Pesquisa inédita sobre o Meia Ponte

Jornal O Hoje - 17/10/2012

A bacia hidrográfica do Rio Meia Ponte detém importância singular para a economia e abastecimento público de Goiás. Judiado e degradado pela intensa urbanização em suas margens, o rio virou objeto de pesquisa da Universidade Federal de Goiás (UFG), que mobilizou todas as áreas de estudo para traçar até 2015 o diagnóstico da bacia, a partir de seis grandes diretrizes de análise. A intenção, além de promover ações de recuperação e conscientizar a população sobre o papel essencial do Meia Ponte, é subsidiar o poder público de informações, inclusive tendências futuras, capazes de fundamentar a criação inédita de um plano diretor para o rio.

O Meia Ponte e seus afluentes passam por 39 cidades do Estado, entre Itauçu e Cachoeira Dourada. Nesses municípios estão 50% da população goiana e mais de 60% do Produto Interno Bruto (PIB) de Goiás. São números como esses, que somados ao índice preocupante de sétimo rio mais poluído do Brasil, divulgado, recentemente, pela Agência Nacional de Águas (ANA), que motivaram a reitoria da UFG a definir o projeto como ação estratégica e institucional, que vai envolver todas as áreas do conhecimento. “Em se tratando de meio ambiente, entendemos que esta é a pesquisa de maior impacto”, afirma um dos coordenadores técnicos escolhidos, o professor da Engenharia Civil Maurício Sales.

A universidade possui mais de 50 programas de pós-graduação e em todos eles já existem pesquisas isoladas que estudam o rio sob diversos focos. A intenção inicial desde o final de 2010, quando o projeto foi idealizado, é aglutinar todas as informações que a UFG já detém para traçar os planos de ação. O trabalho serviu, até o momento, para delimitar as seis grandes áreas de análise que vão compor o diagnóstico: hidrologia, meio físico, biodiversidade, socioeconomia, educação ambiental e saúde da população abastecida pelas águas do Meia Ponte.

Mais de 40 pesquisadores já foram escalados para participar da pesquisa e divididos de acordo com as áreas de estudo. Maurício diz que esse número vai aumentar, à medida que o tempo for passando. A fase atual consiste em relacionar os estudos desenvolvidos isoladamente na UFG para elaborar a sistemática do projeto e fechar parcerias com órgãos públicos e instituições privadas para facilitar o financiamento. O cronograma prevê que os trabalhos de campo sejam iniciados em janeiro de 2013. “Em 24 meses, teremos mais de 80% do diagnóstico finalizado e com dados suficientes para repassar ao poder público”, calcula o professor. As demais informações serão complementadas posteriormente.

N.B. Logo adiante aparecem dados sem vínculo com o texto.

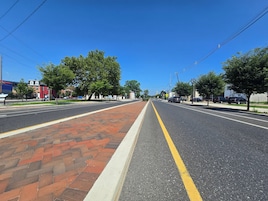 Una amplia calle con aceras de ladrillo, árboles y coches estacionados.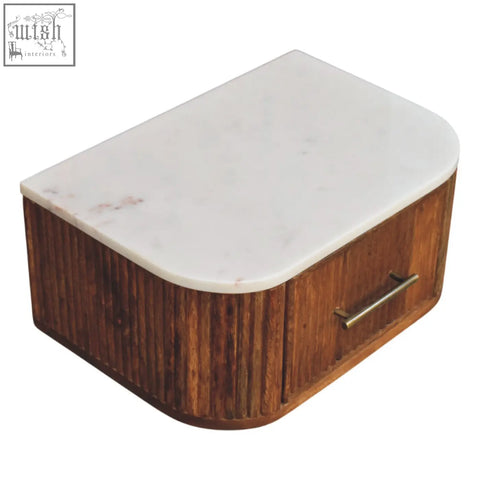 Beaumont wall-mounted bedside table with natural mango wood, white marble top, vertical slats, and brass handle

Plano diretor é visto como caso de urgência

Maurício Sales destaca que a postura defendida pela UFG é a de que o Meia Ponte não precisa apenas de um diagnóstico, mas de um plano diretor, em caráter de urgência. A experiência já foi atestada em outros rios do Brasil e com bons resultados. Em Goiás, seria inédita, mas completamente possível e necessária, conforme o superintendente de Recursos Hídricos da Secretaria Estadual de Meio Ambiente e dos Recursos Hídricos (Semarh), Bento de Godoi Neto. A Secretaria já se prontificou em apoiar o projeto da UFG e, em evento na última segunda-feira, Bento disse que a intenção é atuar diretamente nos trabalhos.

O rio pertence a uma bacia maior, que é a do Paranaíba, a qual possui um plano de gestão específico. Bento de Godói diz que com o diagnóstico da UFG será possível fazer o recorte da área correspondente à Bacia do Meia Ponte e trabalhar os principais pontos poluidores. O superintendente cita o exemplo do Rio das Velhas, em Belo Horizonte (MG), que vivia situação semelhante e teve melhora substancial na qualidade da água, após treinamento da população, trabalho de conscientização e despoluição. Um bioindicador que ilustra bem a conquista foi o surgimento de espécies sensíveis de peixes, como o Dourado, que começaram a subir o rio, depois da diminuição de poluentes.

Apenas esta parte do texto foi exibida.